[Opening Material provided section]
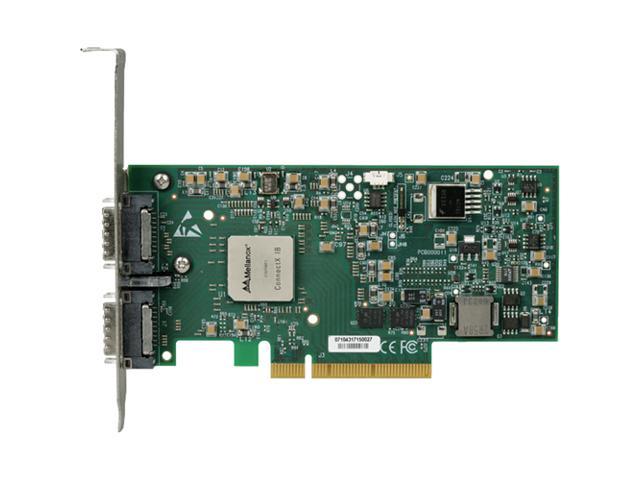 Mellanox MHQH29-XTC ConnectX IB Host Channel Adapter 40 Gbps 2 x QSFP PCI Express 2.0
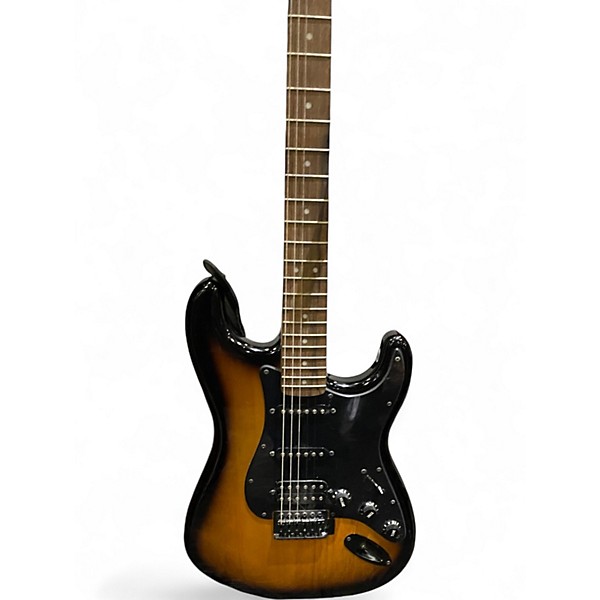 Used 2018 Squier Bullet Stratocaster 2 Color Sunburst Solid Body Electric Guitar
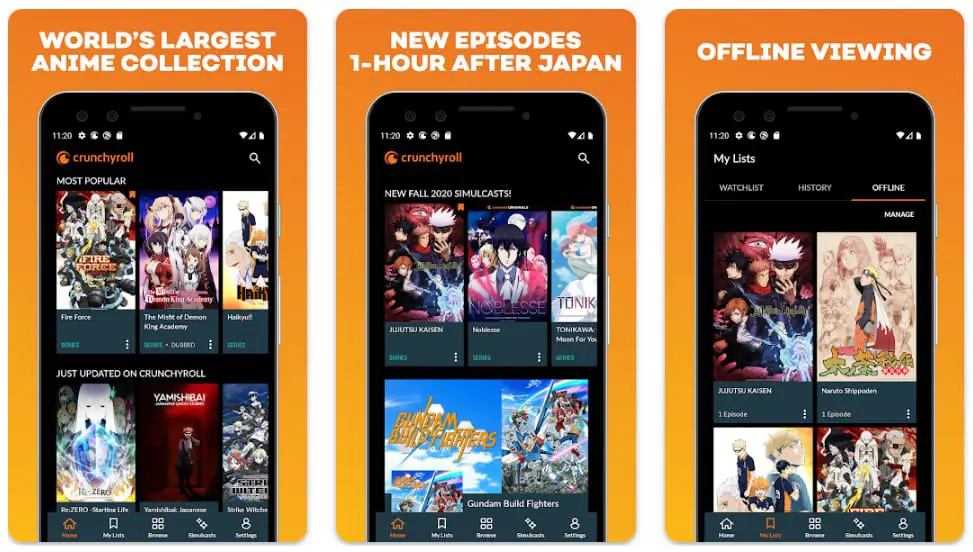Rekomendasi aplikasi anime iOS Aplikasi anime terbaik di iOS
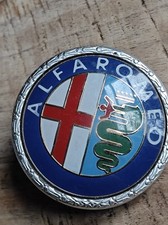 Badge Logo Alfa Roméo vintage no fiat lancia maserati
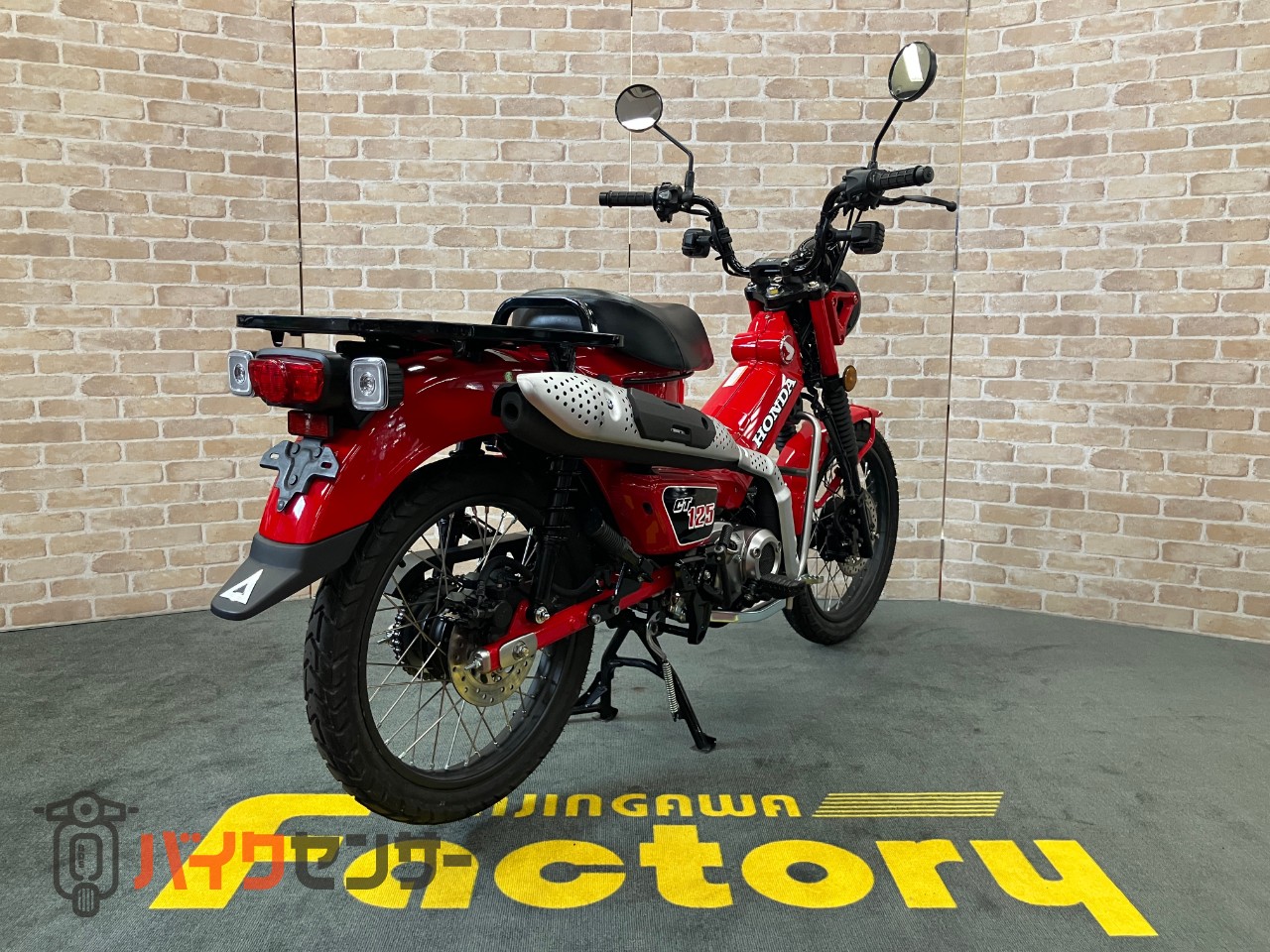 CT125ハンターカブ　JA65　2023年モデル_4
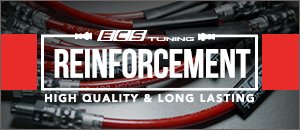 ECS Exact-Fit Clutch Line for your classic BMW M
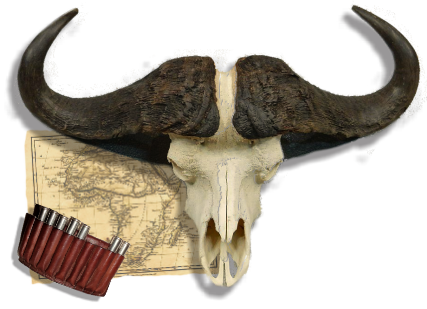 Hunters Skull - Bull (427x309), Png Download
[Closing Material provided section]
#### Exercise brief:
In the copy, no pictures should appear; the records themselves must be repeated exactly.

#### Result:
 Mellanox MHQH29-XTC ConnectX IB Host Channel Adapter 40 Gbps 2 x QSFP PCI Express 2.0
 Used 2018 Squier Bullet Stratocaster 2 Color Sunburst Solid Body Electric Guitar
Rekomendasi aplikasi anime iOS Aplikasi anime terbaik di iOS
 Badge Logo Alfa Roméo vintage no fiat lancia maserati
 CT125ハンターカブ　JA65　2023年モデル_4
 ECS Exact-Fit Clutch Line for your classic BMW M
 Hunters Skull - Bull (427x309), Png Download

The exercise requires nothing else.